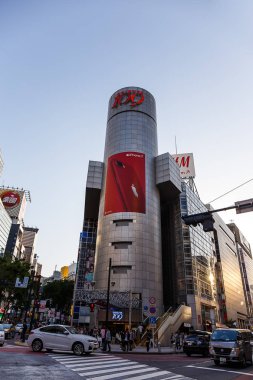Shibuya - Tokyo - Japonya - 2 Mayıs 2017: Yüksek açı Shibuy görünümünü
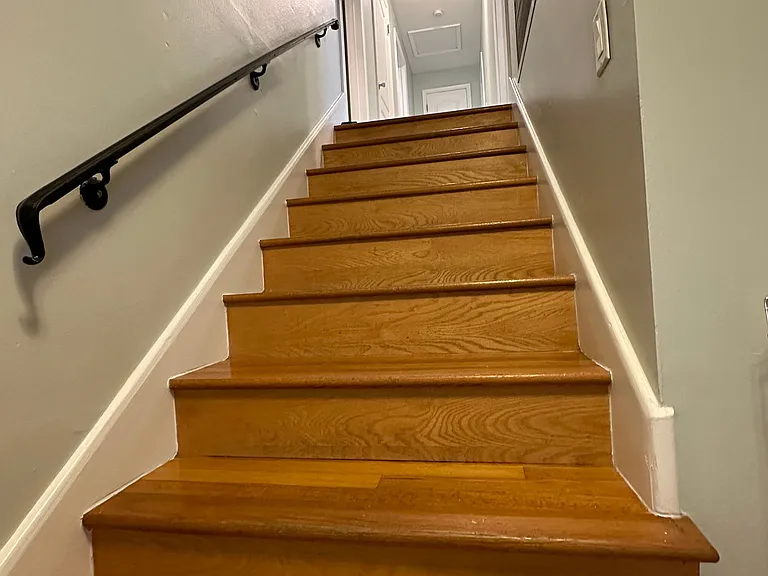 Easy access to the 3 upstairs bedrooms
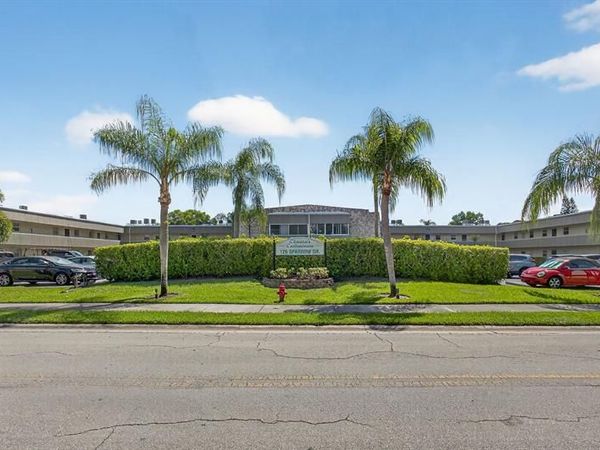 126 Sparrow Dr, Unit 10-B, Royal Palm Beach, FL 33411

▶ **What the task requires**: No image belongs in the copy. Transcribe the full listing verbatim.

▶ **Worked solution**:
Shibuya - Tokyo - Japonya - 2 Mayıs 2017: Yüksek açı Shibuy görünümünü
 Easy access to the 3 upstairs bedrooms
 126 Sparrow Dr, Unit 10-B, Royal Palm Beach, FL 33411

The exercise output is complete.